### Information
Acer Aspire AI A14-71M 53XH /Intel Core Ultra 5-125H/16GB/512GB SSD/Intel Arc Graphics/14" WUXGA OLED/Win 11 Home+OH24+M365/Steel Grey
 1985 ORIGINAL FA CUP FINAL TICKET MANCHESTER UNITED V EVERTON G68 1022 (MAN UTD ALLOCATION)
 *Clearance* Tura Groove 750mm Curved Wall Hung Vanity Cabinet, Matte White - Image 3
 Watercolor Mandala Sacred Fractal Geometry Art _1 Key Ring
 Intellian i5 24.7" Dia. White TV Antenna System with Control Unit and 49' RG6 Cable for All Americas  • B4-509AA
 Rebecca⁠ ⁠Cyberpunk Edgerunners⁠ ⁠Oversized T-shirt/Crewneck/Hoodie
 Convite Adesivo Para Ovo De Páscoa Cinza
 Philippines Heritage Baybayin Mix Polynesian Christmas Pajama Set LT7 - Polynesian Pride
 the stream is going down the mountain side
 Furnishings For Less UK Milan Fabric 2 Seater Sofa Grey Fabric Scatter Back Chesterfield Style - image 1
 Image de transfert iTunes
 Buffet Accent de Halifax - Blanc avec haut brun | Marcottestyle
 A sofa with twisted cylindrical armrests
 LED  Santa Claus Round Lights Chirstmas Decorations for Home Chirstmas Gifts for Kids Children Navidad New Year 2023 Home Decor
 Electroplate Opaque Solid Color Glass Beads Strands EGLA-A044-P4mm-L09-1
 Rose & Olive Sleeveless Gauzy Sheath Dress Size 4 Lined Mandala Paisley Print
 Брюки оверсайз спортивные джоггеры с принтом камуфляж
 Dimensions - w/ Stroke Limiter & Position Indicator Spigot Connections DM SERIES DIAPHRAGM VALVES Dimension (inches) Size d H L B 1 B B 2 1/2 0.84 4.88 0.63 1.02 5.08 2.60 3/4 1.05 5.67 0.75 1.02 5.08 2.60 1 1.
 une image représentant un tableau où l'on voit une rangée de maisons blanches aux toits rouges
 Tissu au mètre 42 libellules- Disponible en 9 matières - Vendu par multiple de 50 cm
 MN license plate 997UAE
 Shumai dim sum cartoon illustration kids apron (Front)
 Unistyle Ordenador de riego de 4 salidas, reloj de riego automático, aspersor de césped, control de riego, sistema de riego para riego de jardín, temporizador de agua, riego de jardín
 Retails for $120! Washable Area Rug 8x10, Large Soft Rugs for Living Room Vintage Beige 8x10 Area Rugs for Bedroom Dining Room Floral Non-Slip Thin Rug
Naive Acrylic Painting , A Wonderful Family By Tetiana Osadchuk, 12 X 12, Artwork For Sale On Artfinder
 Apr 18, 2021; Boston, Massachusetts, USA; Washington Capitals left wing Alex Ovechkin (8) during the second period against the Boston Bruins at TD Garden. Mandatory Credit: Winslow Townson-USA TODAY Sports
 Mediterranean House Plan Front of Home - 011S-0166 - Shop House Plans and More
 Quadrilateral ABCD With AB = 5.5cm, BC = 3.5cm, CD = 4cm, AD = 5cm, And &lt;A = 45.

### Work instruction
Copy the data word for word.

### Problem solution
Acer Aspire AI A14-71M 53XH /Intel Core Ultra 5-125H/16GB/512GB SSD/Intel Arc Graphics/14" WUXGA OLED/Win 11 Home+OH24+M365/Steel Grey
 1985 ORIGINAL FA CUP FINAL TICKET MANCHESTER UNITED V EVERTON G68 1022 (MAN UTD ALLOCATION)
 *Clearance* Tura Groove 750mm Curved Wall Hung Vanity Cabinet, Matte White - Image 3
 Watercolor Mandala Sacred Fractal Geometry Art _1 Key Ring
 Intellian i5 24.7" Dia. White TV Antenna System with Control Unit and 49' RG6 Cable for All Americas  • B4-509AA
 Rebecca⁠ ⁠Cyberpunk Edgerunners⁠ ⁠Oversized T-shirt/Crewneck/Hoodie
 Convite Adesivo Para Ovo De Páscoa Cinza
 Philippines Heritage Baybayin Mix Polynesian Christmas Pajama Set LT7 - Polynesian Pride
 the stream is going down the mountain side
 Furnishings For Less UK Milan Fabric 2 Seater Sofa Grey Fabric Scatter Back Chesterfield Style - image 1
 Image de transfert iTunes
 Buffet Accent de Halifax - Blanc avec haut brun | Marcottestyle
 A sofa with twisted cylindrical armrests
 LED  Santa Claus Round Lights Chirstmas Decorations for Home Chirstmas Gifts for Kids Children Navidad New Year 2023 Home Decor
 Electroplate Opaque Solid Color Glass Beads Strands EGLA-A044-P4mm-L09-1
 Rose & Olive Sleeveless Gauzy Sheath Dress Size 4 Lined Mandala Paisley Print
 Брюки оверсайз спортивные джоггеры с принтом камуфляж
 Dimensions - w/ Stroke Limiter & Position Indicator Spigot Connections DM SERIES DIAPHRAGM VALVES Dimension (inches) Size d H L B 1 B B 2 1/2 0.84 4.88 0.63 1.02 5.08 2.60 3/4 1.05 5.67 0.75 1.02 5.08 2.60 1 1.
 une image représentant un tableau où l'on voit une rangée de maisons blanches aux toits rouges
 Tissu au mètre 42 libellules- Disponible en 9 matières - Vendu par multiple de 50 cm
 MN license plate 997UAE
 Shumai dim sum cartoon illustration kids apron (Front)
 Unistyle Ordenador de riego de 4 salidas, reloj de riego automático, aspersor de césped, control de riego, sistema de riego para riego de jardín, temporizador de agua, riego de jardín
 Retails for $120! Washable Area Rug 8x10, Large Soft Rugs for Living Room Vintage Beige 8x10 Area Rugs for Bedroom Dining Room Floral Non-Slip Thin Rug
Naive Acrylic Painting , A Wonderful Family By Tetiana Osadchuk, 12 X 12, Artwork For Sale On Artfinder
 Apr 18, 2021; Boston, Massachusetts, USA; Washington Capitals left wing Alex Ovechkin (8) during the second period against the Boston Bruins at TD Garden. Mandatory Credit: Winslow Townson-USA TODAY Sports
 Mediterranean House Plan Front of Home - 011S-0166 - Shop House Plans and More
 Quadrilateral ABCD With AB = 5.5cm, BC = 3.5cm, CD = 4cm, AD = 5cm, And &lt;A = 45.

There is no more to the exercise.